■ Description of the task ■
Set down every line of the data exactly, skipping the pictures.

■ Stored data ■
»»

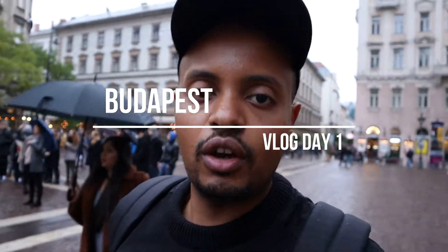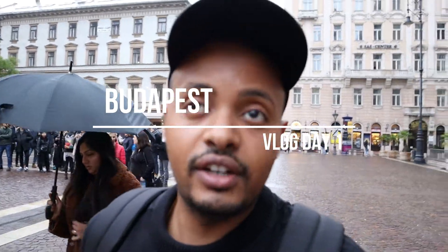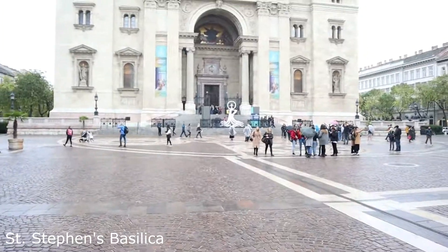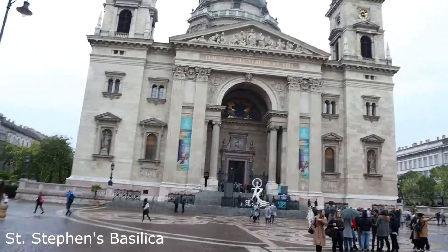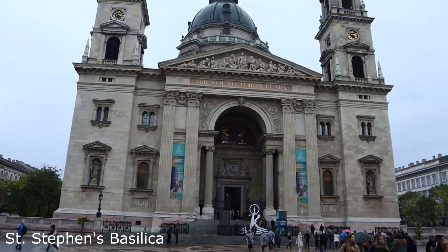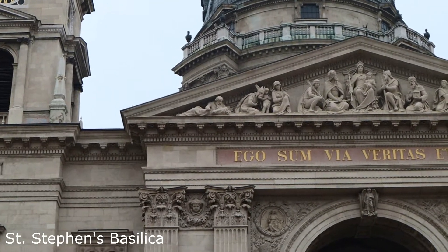St. Stephen's Basilica is a Roman Catholic church built in the early 1900s, and it is one of the main attractions right in the middle of the city center. There's a lot of details to take in.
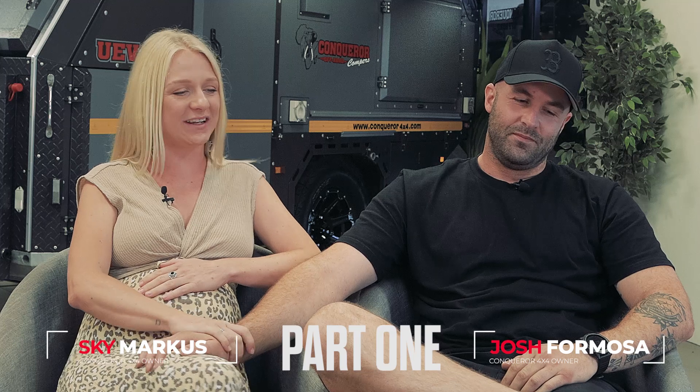We actually broke down in the middle of the savannah way in the Northern Territory, and we got stuck in the middle of nowhere at a place called Hell's Gate. Someone else was there who happened to have a Conqueror, and I was interested in it — it looked different, I'd never really seen anything like that before. Josh's eyes kind of lit up because I had taken notice of a camper.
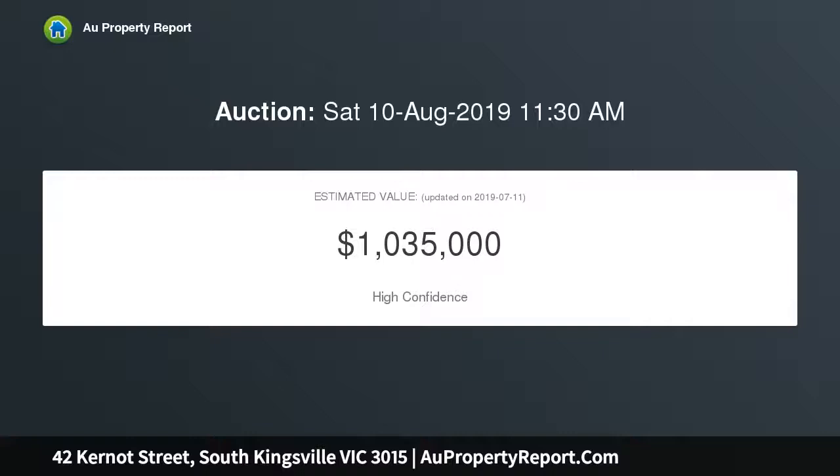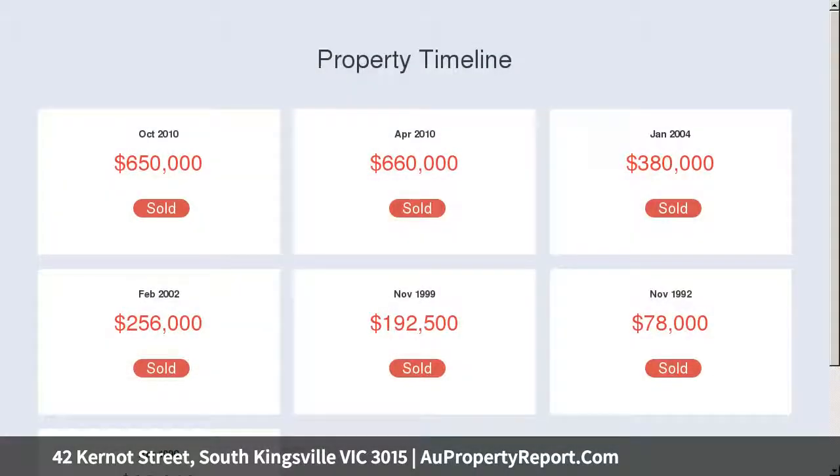A light-filled open plan design is large enough to accommodate living and dining, while the kitchen has plenty of storage and bench space.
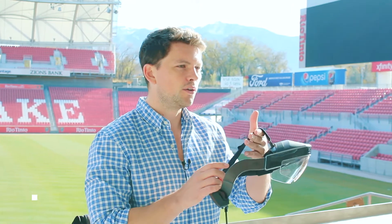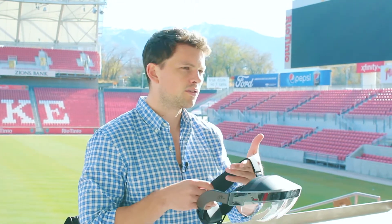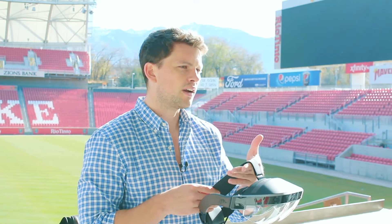My name is Evan and I work at Meta. We are an augmented reality company making both hardware and software. What you're seeing here is the Meta 2 — this is our current augmented reality headset, and this is really the most immersive AR device right now in the market.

««

■ Solved problem ■
St. Stephen's Basilica is a Roman Catholic church built in the early 1900s, and it is one of the main attractions right in the middle of the city center. There's a lot of details to take in.
We actually broke down in the middle of the savannah way in the Northern Territory, and we got stuck in the middle of nowhere at a place called Hell's Gate. Someone else was there who happened to have a Conqueror, and I was interested in it — it looked different, I'd never really seen anything like that before. Josh's eyes kind of lit up because I had taken notice of a camper.
A light-filled open plan design is large enough to accommodate living and dining, while the kitchen has plenty of storage and bench space.
My name is Evan and I work at Meta. We are an augmented reality company making both hardware and software. What you're seeing here is the Meta 2 — this is our current augmented reality headset, and this is really the most immersive AR device right now in the market.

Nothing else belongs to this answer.